Required action - Each line from the one containing "5 in 1 Convertible Crib C5765" through the last line of the records is to be repeated exactly, with all pictures left out.

Record extracts -
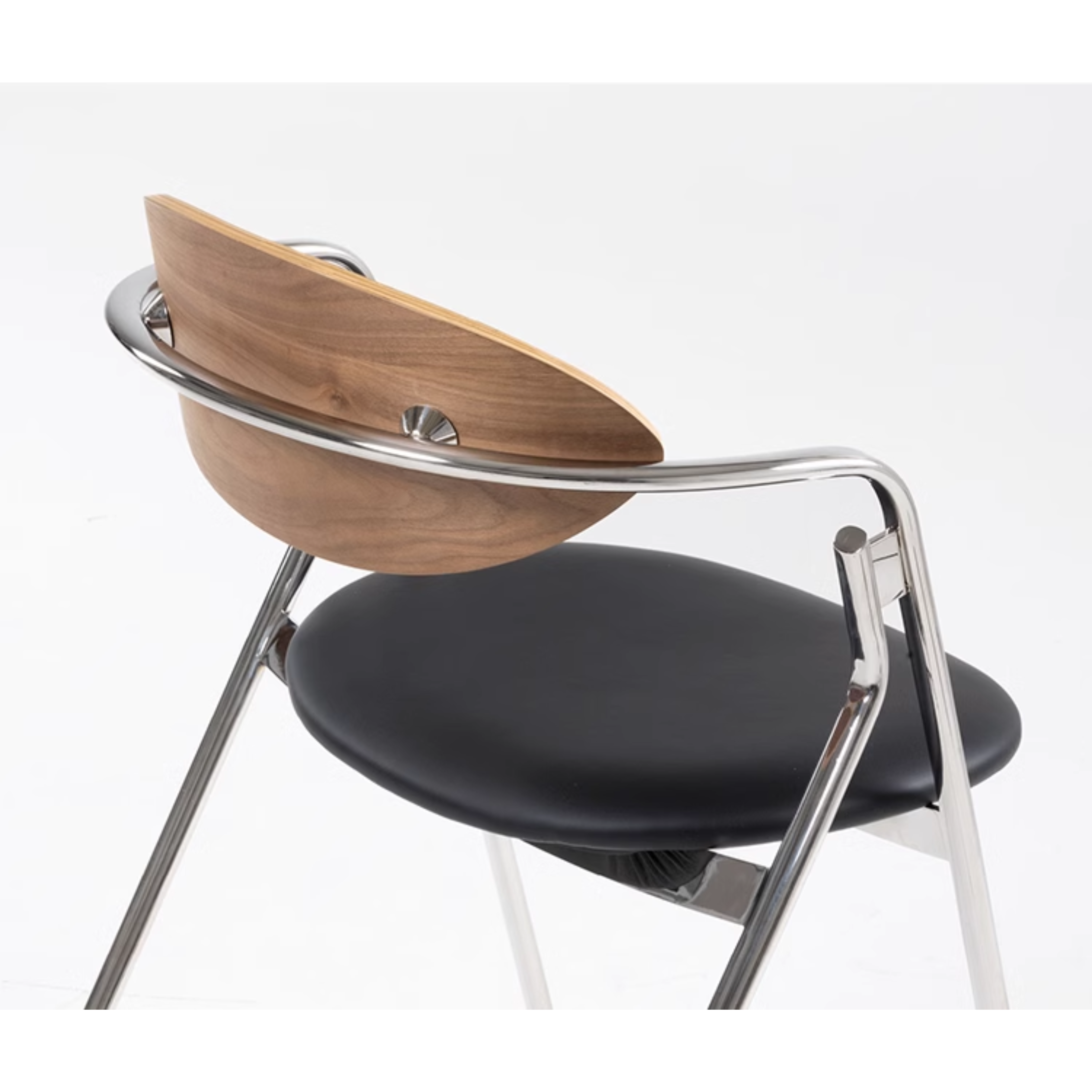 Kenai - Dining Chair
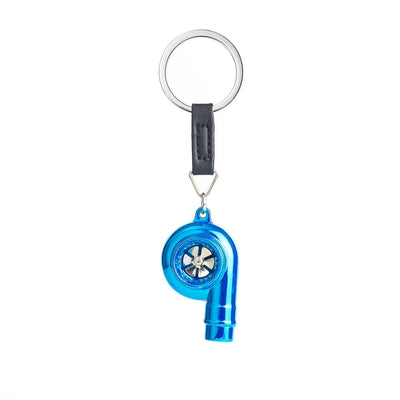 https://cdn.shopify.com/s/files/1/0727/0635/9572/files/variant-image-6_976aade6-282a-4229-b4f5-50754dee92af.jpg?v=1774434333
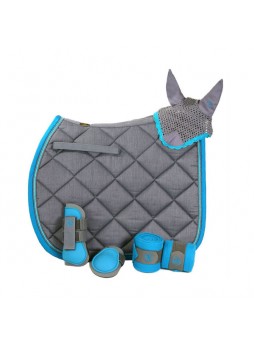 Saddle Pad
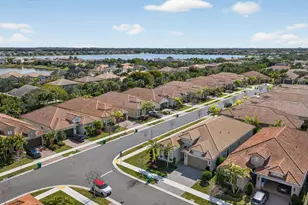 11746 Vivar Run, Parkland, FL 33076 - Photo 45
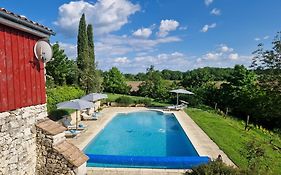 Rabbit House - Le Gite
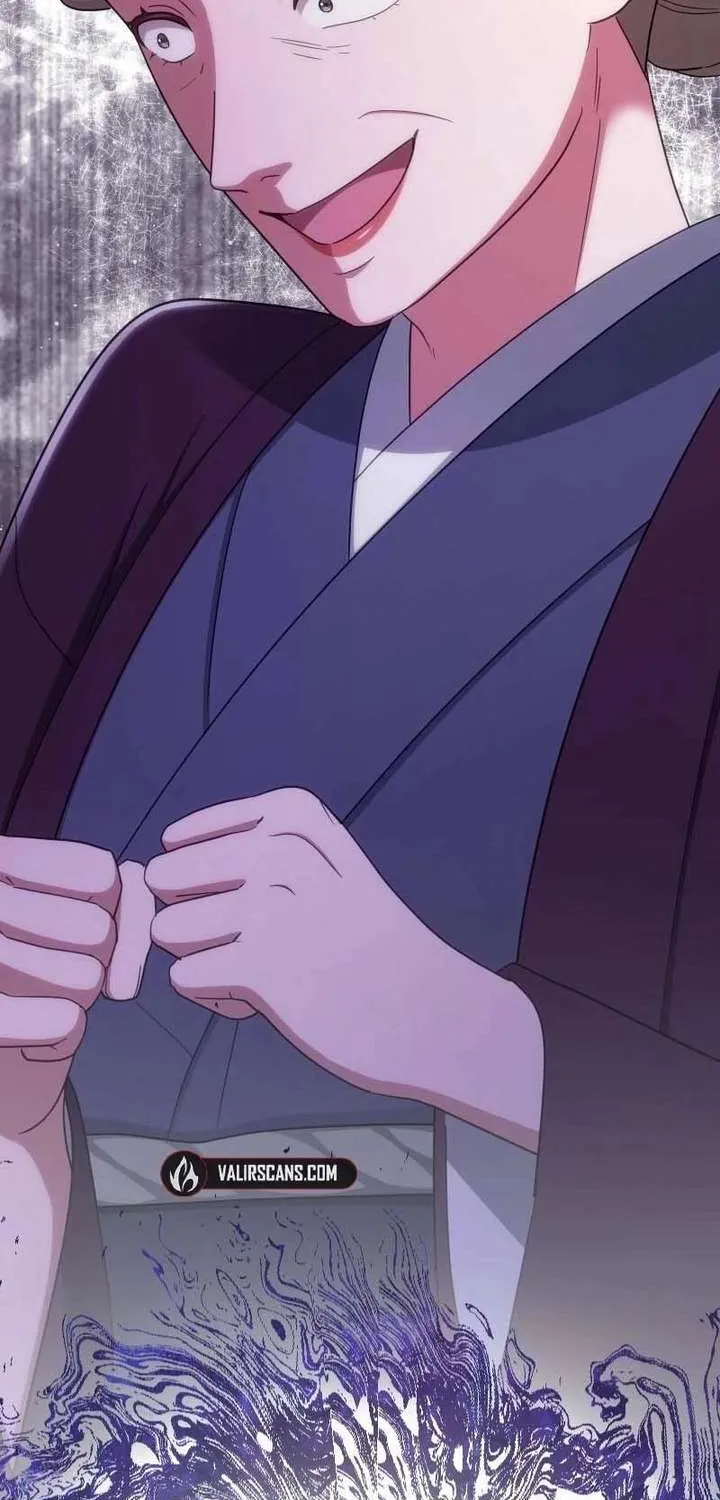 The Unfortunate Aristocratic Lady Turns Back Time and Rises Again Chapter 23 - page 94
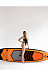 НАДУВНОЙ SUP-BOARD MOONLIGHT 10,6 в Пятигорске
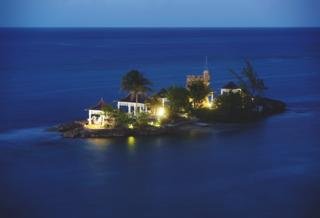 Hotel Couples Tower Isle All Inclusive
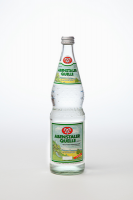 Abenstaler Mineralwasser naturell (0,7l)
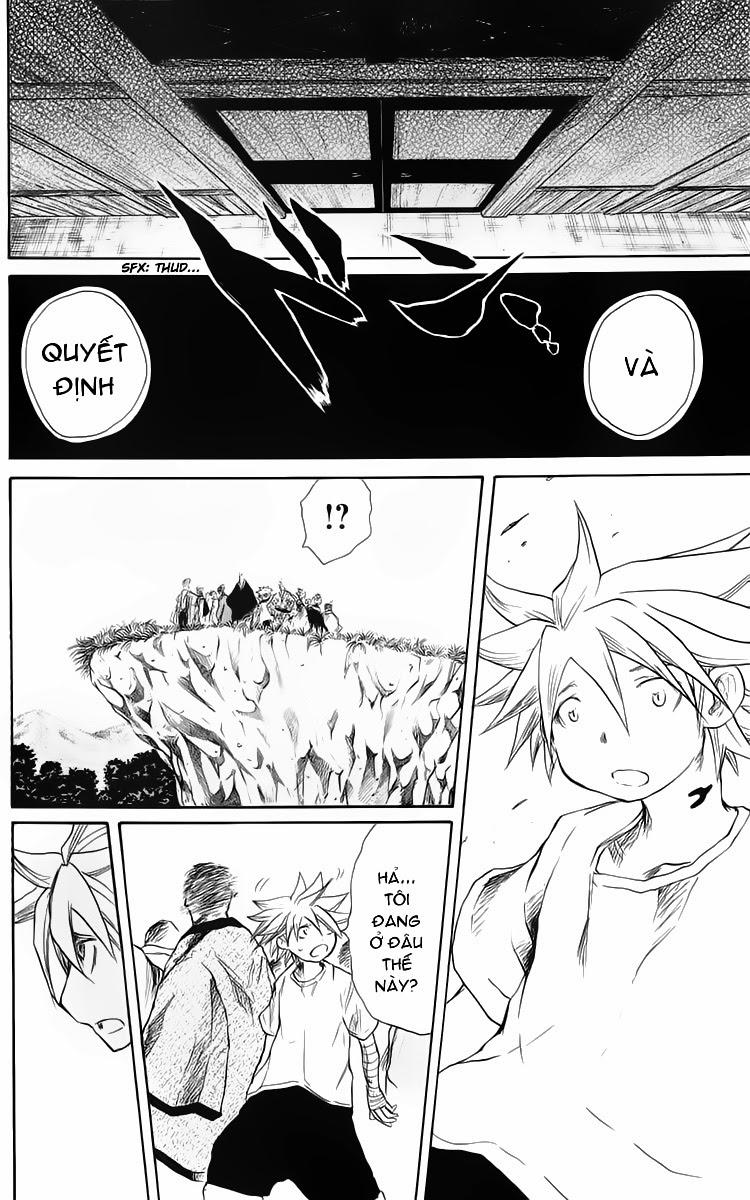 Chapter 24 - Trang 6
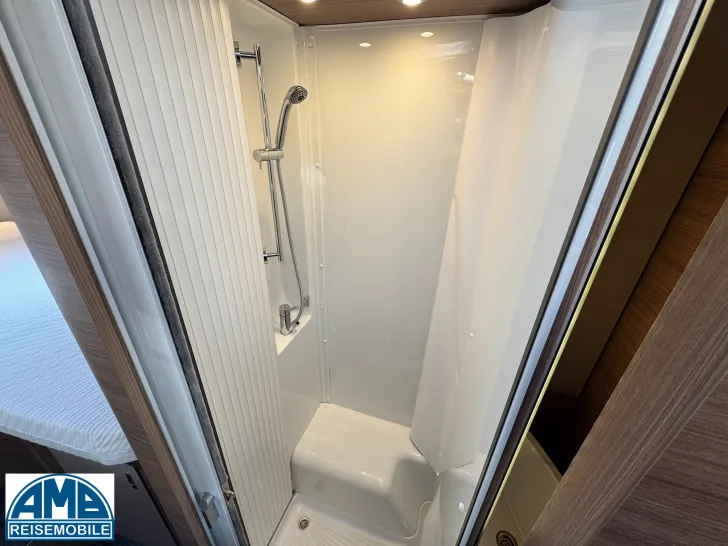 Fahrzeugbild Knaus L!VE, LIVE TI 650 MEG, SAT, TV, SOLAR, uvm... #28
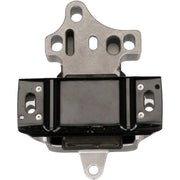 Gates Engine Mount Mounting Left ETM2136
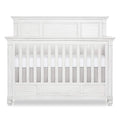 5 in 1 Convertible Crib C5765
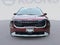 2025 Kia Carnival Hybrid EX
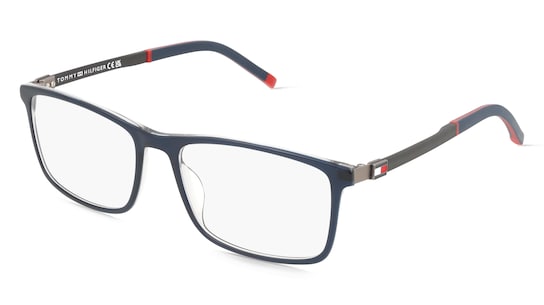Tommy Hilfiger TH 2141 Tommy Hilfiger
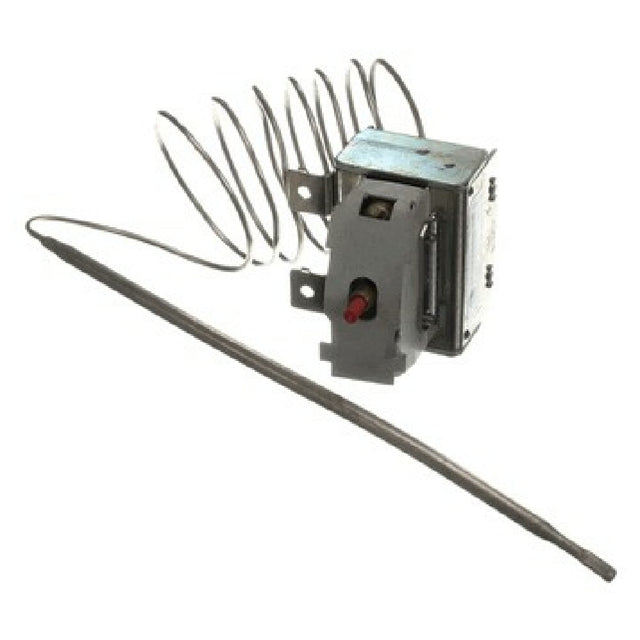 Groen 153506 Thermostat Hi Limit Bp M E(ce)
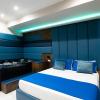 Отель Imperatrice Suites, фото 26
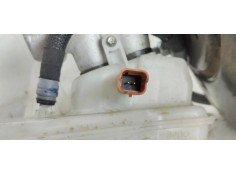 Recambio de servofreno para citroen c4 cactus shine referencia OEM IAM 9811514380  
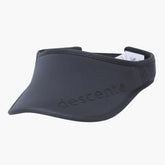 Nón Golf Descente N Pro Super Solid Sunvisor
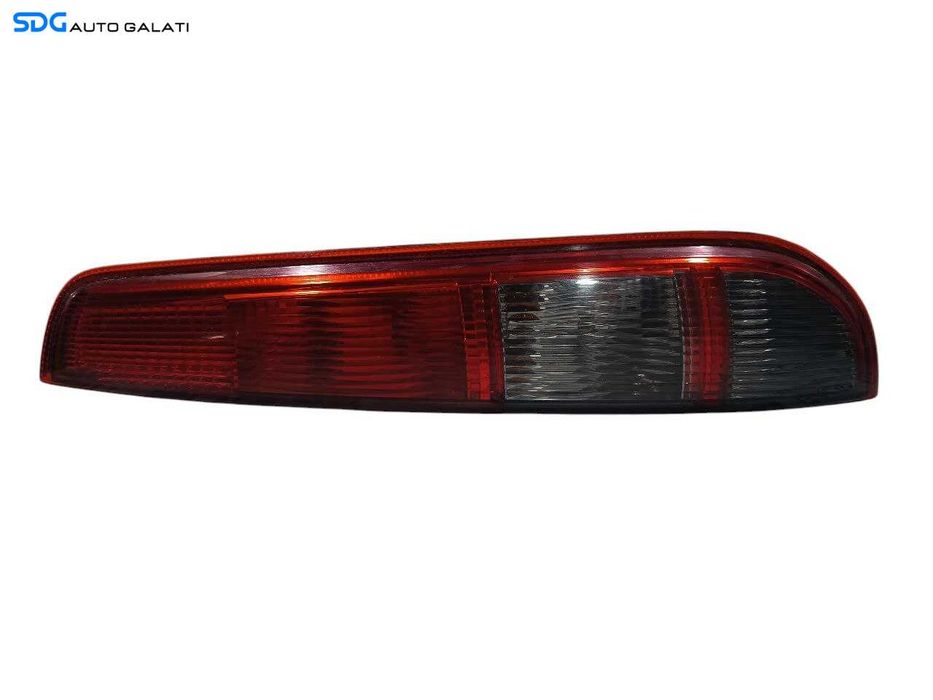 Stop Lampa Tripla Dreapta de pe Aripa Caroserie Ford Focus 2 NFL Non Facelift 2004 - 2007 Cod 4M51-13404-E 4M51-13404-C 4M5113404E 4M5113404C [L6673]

Exercise answer -
 5 in 1 Convertible Crib C5765
 2025 Kia Carnival Hybrid EX
Tommy Hilfiger TH 2141 Tommy Hilfiger
 Groen 153506 Thermostat Hi Limit Bp M E(ce)
 Отель Imperatrice Suites, фото 26
 Recambio de servofreno para citroen c4 cactus shine referencia OEM IAM 9811514380  
 Nón Golf Descente N Pro Super Solid Sunvisor
 Stop Lampa Tripla Dreapta de pe Aripa Caroserie Ford Focus 2 NFL Non Facelift 2004 - 2007 Cod 4M51-13404-E 4M51-13404-C 4M5113404E 4M5113404C [L6673]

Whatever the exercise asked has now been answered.